» **WORK ITEM**: Among the entries below, one stretch runs from the line that contains "Активная полочная акустика" through the line that contains "画像ギャラリー No.001のサムネイル画像 /". Repeat that stretch exactly, ends included, and only that.

» **MATERIAL FOR THE TASK**:

+++

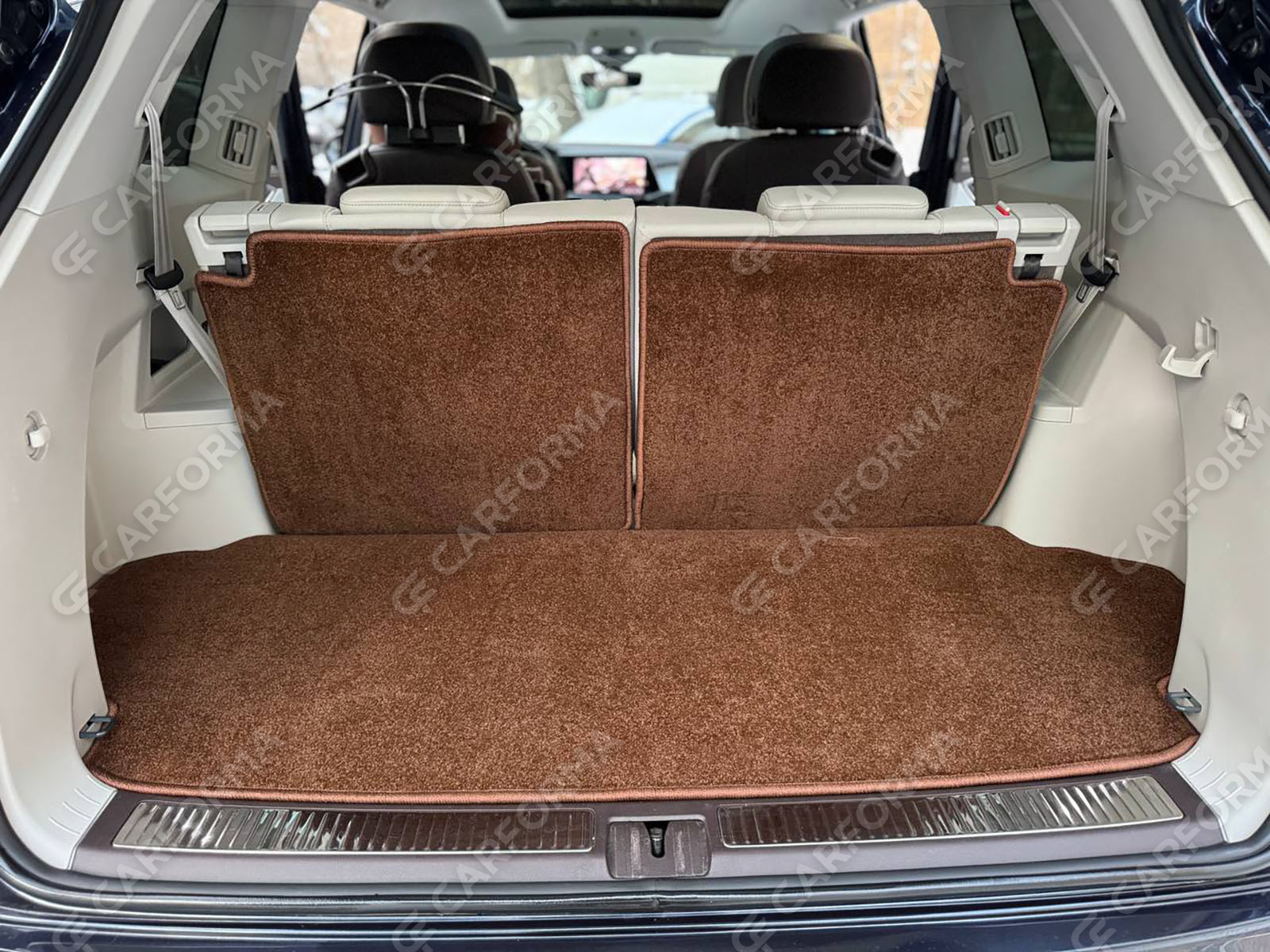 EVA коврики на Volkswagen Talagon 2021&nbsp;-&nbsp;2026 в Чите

+++

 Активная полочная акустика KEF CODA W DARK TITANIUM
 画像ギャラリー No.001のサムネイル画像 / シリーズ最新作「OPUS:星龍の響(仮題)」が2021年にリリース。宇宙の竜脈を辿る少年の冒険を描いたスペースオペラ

+++

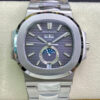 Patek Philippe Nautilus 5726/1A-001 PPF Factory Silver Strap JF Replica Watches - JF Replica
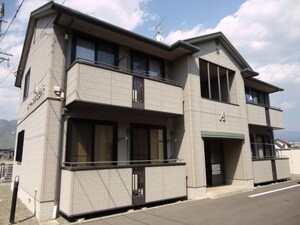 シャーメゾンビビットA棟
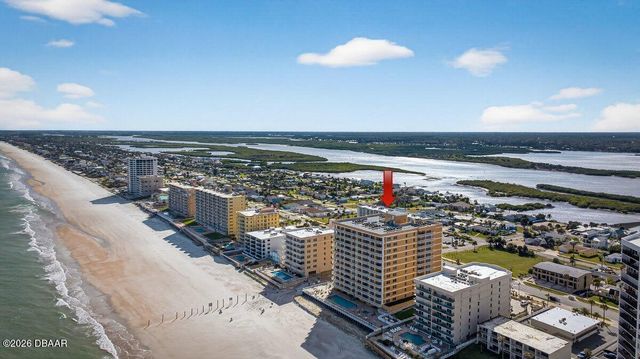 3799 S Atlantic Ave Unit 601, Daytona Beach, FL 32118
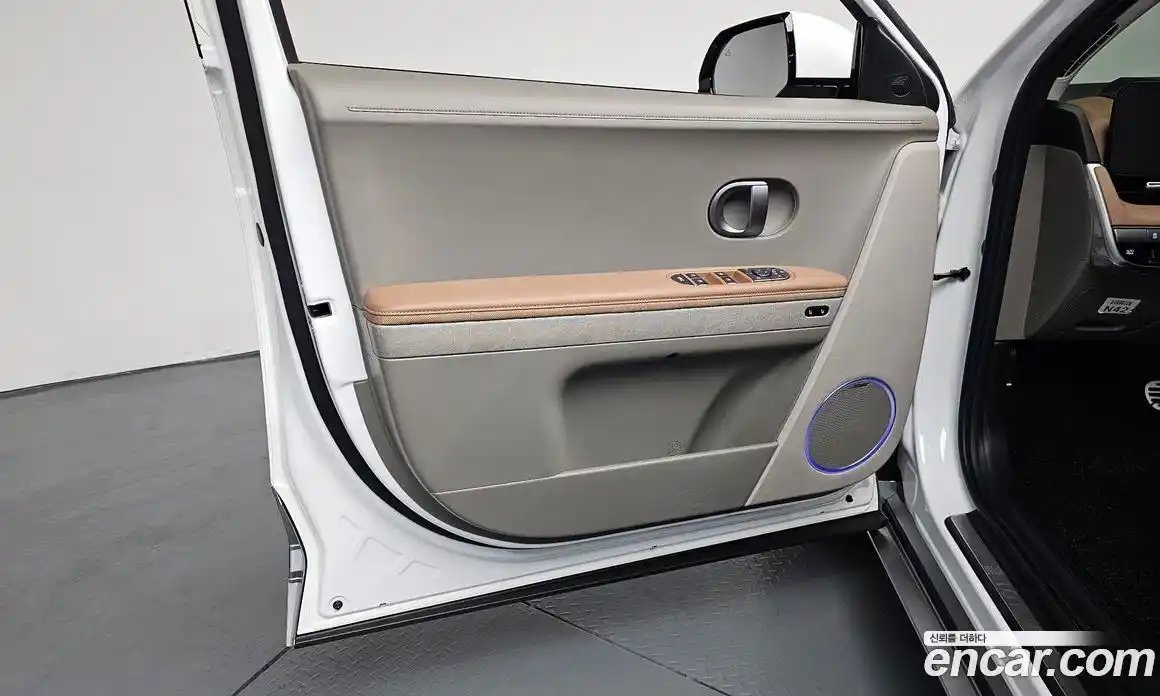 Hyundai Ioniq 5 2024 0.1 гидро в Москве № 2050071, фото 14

+++

» **RESULT FOR THIS TASK**:
 Активная полочная акустика KEF CODA W DARK TITANIUM
 画像ギャラリー No.001のサムネイル画像 / シリーズ最新作「OPUS:星龍の響(仮題)」が2021年にリリース。宇宙の竜脈を辿る少年の冒険を描いたスペースオペラ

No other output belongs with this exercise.